La BCE è stata l’ultima delle Banche centrali dei paesi più sviluppati a lanciare un piano di QE: dal 2008 in poi sia la FED (Stati Uniti), che la Banca d’Inghilterra che la Banca del Giappone hanno messo a disposizione delle rispettive economie con questo meccanismo moltissima liquidità, servita a rifinanziare il sistema produttivo e, almeno in parte, a rilanciare le rispettive economie. Queste Banche centrali non hanno ancora terminato la loro opera: la FED ha diminuito l’anno scorso le iniezioni di liquidità, attestandosi sui 40 miliardi al mese, la Banca d’Inghilterra ha disposto un programma di 375 miliardi di sterline ancora da completare e la Banca del Giappone ha di recente ampliato il proprio programma di sostegno all’economia (il Giappone ha da anni il problema della bassa inflazione e della recessione economica e solo in parte è riuscito a risolvere i suoi problemi con i programmi di immissione di liquidità nel sistema). C’è però un differenza fra le Banche centrali citate e la BCE: quest’ultima infatti è l’unica ad essere un organismo sovranazionale. Questo fatto ha alcune conseguenze di non poco conto. La prima è a livello di decisioni da prendere: come dirò anche più sotto, non è facile mettere d’accordo i Governatori delle 18 Banche centrali che compongono l’eurozona. La seconda riguarda invece la spesa pubblica: di solito le politiche monetarie espansive di una Banca Centrale funzionano meglio se il Governo corrispondente alla Banca centrale emittente espande la spesa pubblica. Così è successo ad esempio, negli Stati Uniti. In Europa però, la mancanza di un Governo unitario e, soprattutto, i vincoli alla spesa pubblica imposti dai Trattati Europei, rischiano di contenere gli effetti del QE. In parte questo problema dovrebbe essere superato dal piano di investimenti per 300 miliardi di euro che la Commissione Europea ha annunciato qualche mese fa.

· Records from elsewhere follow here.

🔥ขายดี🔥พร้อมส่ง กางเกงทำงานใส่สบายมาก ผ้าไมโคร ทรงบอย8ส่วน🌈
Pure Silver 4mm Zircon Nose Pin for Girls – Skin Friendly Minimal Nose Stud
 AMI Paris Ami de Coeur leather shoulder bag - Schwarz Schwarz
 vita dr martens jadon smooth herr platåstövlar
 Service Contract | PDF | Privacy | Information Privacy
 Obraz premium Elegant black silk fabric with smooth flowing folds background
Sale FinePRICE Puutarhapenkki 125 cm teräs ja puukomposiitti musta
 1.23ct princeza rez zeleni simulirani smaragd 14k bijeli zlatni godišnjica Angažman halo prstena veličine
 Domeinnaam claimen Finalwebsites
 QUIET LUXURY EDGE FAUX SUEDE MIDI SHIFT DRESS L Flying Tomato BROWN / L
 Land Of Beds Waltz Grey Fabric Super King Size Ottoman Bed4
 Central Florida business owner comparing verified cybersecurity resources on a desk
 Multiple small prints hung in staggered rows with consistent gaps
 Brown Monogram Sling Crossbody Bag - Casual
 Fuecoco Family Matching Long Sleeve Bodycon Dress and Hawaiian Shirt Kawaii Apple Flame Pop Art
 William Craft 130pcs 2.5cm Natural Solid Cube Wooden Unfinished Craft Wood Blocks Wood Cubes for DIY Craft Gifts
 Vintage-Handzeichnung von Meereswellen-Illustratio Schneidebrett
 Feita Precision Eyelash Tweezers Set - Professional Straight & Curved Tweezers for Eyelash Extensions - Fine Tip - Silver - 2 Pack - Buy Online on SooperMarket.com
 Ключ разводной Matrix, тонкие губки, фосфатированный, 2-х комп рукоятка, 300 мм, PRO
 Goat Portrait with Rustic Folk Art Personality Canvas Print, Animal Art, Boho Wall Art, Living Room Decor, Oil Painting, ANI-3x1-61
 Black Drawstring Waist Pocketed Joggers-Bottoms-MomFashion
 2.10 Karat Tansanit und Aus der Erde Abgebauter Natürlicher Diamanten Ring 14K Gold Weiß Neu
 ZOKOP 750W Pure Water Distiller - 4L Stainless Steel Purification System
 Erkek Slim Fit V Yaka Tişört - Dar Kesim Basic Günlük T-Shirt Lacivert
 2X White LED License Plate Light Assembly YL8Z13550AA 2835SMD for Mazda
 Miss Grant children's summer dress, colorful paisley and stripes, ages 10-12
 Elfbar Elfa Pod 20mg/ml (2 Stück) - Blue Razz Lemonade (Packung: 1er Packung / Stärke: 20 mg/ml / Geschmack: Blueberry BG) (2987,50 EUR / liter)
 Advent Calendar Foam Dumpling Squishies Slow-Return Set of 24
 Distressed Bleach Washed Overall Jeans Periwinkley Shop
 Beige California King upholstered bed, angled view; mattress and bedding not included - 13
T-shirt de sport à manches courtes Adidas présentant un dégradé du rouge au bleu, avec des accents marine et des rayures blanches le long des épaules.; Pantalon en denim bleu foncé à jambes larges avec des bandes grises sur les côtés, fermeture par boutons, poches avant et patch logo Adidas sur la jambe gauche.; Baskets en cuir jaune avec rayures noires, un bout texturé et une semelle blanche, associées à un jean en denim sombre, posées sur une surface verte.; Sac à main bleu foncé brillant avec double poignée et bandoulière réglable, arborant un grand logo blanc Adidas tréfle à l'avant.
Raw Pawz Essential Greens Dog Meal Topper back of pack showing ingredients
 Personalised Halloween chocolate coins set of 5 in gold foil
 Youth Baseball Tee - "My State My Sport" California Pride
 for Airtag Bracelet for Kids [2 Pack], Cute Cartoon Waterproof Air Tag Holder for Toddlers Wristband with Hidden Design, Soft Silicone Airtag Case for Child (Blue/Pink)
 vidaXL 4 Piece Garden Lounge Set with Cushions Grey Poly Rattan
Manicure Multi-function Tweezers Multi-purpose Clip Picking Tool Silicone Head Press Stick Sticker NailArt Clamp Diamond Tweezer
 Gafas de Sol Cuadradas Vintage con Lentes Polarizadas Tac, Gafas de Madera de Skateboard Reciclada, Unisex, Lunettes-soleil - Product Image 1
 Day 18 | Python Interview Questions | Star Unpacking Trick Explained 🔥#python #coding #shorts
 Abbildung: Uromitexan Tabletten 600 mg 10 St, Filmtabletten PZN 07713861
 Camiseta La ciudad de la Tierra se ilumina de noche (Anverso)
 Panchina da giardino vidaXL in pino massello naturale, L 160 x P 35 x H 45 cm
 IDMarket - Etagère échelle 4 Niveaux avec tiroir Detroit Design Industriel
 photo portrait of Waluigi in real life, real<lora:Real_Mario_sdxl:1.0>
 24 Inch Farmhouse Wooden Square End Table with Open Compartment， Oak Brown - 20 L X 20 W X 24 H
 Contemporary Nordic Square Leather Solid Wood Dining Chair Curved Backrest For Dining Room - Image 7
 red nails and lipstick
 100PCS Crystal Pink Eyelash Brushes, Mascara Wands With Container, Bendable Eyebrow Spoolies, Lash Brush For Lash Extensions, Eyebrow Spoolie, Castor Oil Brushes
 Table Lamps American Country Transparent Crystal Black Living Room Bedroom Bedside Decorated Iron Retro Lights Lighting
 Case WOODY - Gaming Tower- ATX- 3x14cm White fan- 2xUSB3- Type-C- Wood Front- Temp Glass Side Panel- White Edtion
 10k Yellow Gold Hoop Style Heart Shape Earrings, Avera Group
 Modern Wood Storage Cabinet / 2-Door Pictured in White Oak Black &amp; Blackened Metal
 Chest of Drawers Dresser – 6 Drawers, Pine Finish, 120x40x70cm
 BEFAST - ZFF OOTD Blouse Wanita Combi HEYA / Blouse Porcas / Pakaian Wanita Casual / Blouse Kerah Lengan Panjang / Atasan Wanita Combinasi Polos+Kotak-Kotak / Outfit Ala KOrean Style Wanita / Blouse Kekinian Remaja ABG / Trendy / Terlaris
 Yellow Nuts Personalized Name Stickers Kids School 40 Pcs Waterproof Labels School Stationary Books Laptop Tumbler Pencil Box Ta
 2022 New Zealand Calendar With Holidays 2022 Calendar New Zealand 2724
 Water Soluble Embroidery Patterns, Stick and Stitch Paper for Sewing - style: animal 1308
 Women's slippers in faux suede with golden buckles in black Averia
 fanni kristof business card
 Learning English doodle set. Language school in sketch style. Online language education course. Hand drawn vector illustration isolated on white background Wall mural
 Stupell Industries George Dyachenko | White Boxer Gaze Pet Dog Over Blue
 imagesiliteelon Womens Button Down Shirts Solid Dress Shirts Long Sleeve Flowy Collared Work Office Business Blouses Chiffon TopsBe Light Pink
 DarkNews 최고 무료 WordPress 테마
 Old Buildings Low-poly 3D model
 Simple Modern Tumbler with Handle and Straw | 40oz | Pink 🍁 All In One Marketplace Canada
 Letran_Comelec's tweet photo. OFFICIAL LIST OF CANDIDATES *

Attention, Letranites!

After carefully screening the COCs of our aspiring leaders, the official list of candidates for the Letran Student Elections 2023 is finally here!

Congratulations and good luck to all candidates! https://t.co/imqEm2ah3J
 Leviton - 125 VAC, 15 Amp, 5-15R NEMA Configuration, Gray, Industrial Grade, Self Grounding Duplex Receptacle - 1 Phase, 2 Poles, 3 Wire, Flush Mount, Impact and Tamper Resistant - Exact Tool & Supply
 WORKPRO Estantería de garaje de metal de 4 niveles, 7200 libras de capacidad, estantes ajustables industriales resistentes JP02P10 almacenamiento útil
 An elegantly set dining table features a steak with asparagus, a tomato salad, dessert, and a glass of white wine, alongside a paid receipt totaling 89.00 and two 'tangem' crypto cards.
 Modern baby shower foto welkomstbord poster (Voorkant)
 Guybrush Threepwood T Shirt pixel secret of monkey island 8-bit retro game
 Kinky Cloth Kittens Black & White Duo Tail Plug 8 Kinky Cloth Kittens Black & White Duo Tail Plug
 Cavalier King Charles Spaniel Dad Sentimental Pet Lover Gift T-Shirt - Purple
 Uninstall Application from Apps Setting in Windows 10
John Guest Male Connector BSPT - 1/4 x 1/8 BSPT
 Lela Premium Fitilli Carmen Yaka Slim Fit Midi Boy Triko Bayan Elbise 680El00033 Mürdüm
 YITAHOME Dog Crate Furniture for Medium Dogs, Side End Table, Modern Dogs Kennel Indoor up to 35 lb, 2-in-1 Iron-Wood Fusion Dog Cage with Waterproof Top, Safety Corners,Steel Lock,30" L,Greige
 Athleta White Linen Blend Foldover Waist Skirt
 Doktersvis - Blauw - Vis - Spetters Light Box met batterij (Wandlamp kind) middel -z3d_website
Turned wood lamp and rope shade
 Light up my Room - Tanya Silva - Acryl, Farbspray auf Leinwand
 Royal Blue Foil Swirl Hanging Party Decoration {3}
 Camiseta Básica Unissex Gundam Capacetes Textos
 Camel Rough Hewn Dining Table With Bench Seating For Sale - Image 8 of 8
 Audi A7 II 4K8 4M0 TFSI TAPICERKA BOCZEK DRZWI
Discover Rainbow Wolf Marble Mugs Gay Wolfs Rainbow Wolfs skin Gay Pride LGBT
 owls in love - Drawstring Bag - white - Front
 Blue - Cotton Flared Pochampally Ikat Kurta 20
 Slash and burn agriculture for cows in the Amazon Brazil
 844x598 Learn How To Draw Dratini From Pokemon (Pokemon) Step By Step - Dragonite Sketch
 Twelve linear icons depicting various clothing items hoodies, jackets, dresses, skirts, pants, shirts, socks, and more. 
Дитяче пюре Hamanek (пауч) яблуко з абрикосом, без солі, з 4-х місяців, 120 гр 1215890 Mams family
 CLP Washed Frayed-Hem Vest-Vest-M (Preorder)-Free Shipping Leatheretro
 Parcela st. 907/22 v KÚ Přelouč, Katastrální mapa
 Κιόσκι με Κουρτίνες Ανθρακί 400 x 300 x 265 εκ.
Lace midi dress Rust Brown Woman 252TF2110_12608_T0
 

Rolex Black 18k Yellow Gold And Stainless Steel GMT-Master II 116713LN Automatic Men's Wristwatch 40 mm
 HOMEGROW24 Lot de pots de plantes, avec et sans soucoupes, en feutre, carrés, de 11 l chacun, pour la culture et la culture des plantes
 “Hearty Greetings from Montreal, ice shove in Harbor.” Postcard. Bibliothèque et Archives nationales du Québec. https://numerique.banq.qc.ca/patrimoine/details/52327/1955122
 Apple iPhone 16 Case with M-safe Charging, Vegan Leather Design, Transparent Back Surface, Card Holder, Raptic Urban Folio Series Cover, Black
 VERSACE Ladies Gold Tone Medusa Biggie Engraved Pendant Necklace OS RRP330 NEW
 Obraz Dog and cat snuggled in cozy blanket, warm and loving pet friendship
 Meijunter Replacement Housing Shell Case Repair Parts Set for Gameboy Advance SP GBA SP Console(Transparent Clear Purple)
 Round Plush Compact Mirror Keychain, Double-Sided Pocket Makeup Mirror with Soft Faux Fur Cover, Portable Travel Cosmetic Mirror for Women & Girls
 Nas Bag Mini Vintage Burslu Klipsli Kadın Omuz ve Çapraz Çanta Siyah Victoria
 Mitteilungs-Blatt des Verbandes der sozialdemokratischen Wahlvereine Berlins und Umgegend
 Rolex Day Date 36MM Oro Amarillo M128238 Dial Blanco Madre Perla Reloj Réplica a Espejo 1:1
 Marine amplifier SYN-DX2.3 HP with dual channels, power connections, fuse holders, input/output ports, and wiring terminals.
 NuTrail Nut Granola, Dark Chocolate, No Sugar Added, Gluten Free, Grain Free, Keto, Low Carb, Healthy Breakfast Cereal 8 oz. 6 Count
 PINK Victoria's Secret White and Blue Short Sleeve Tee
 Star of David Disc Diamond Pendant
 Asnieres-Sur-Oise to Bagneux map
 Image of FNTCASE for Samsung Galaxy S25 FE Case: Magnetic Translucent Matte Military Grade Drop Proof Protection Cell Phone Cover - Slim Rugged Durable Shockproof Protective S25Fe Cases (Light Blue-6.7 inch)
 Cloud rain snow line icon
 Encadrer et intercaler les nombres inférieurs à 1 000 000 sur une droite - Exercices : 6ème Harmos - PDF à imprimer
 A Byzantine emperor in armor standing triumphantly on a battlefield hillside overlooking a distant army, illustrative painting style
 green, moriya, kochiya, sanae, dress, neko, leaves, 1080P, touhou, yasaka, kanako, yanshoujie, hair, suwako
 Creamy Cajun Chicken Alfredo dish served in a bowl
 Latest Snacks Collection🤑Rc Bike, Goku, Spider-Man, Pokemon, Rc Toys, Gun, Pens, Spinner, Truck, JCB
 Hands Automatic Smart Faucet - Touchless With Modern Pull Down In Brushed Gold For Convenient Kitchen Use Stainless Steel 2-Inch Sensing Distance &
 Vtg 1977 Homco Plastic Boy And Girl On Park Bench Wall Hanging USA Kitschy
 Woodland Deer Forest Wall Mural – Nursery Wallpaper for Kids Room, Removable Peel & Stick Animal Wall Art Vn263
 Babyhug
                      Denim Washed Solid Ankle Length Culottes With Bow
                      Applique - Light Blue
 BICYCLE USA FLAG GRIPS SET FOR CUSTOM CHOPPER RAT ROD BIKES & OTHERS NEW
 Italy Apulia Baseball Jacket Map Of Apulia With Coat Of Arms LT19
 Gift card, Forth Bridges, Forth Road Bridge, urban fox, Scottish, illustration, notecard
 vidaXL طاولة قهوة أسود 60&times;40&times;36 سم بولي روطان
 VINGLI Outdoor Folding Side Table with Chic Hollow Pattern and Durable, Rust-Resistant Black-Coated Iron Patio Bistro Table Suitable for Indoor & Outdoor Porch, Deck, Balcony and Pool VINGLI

Per ammissione stessa della BCE, il QE è l’ultimo strumento a sua disposizione per rivitalizzare l’ormai asfittica economia europea. Non è infatti la prima volta che la BCE ci prova: dal 2010 in poi essa ha messo in atto numerosi programmi per cercare di rifinanziare l’economia attraverso i prestiti alle banche di credito ordinario. Ha rifinanziato le banche europee con prestiti a tassi sempre più bassi e per somme molto elevate, addirittura alcune volte concedendo tutta la liquidità richiesta dal sistema, mentre normalmente è la BCE a decidere quanta liquidità immettere. Nel corso del 2014 ha attuato programmi di rifinanziamento nei quali poneva un vincolo alla liquidità erogata: controllava quindi che le banche utilizzassero i fondi presi a prestito per finanziare il sistema produttivo e non se ne servissero per altri usi, come avvenuto nel passato più o meno recente. Tutto questo, evidentemente, non è bastato: il sistema produttivo non trova nelle banche una fonte di finanziamento per le sue esigenze, come invece avveniva fino a qualche anno fa. Da qui, la decisione della BCE di acquistare titoli di Stato attraverso il QE. Non tutti comunque in Europa sono stati d’accordo nel varo di questo programma: la Germania si è detta contraria, soprattutto perché i Trattati della Unione Europea vietano l’acquisto di titoli di Stato direttamente dall’emittente, cioè lo Stato che li emette. Anche in questo caso si è giunti ad un compromesso: la BCE acquisterà i titoli dalle banche che li detengono e non direttamente dai Governi al momento dell’emissione. Inoltre, anche l’assunzione del rischio da parte delle singole banche centrali nazionali per l’80% è stato un compromesso per poter procedere con il programma di acquisti.

Merita considerare, infine, che la politica monetaria, seppur fondamentale, non può fare tutto da sola: essa fornisce soltanto un aiuto in più ai Governi, che comunque devono fare uno sforzo per promuovere lo sviluppo economico sui propri territori di appartenenza.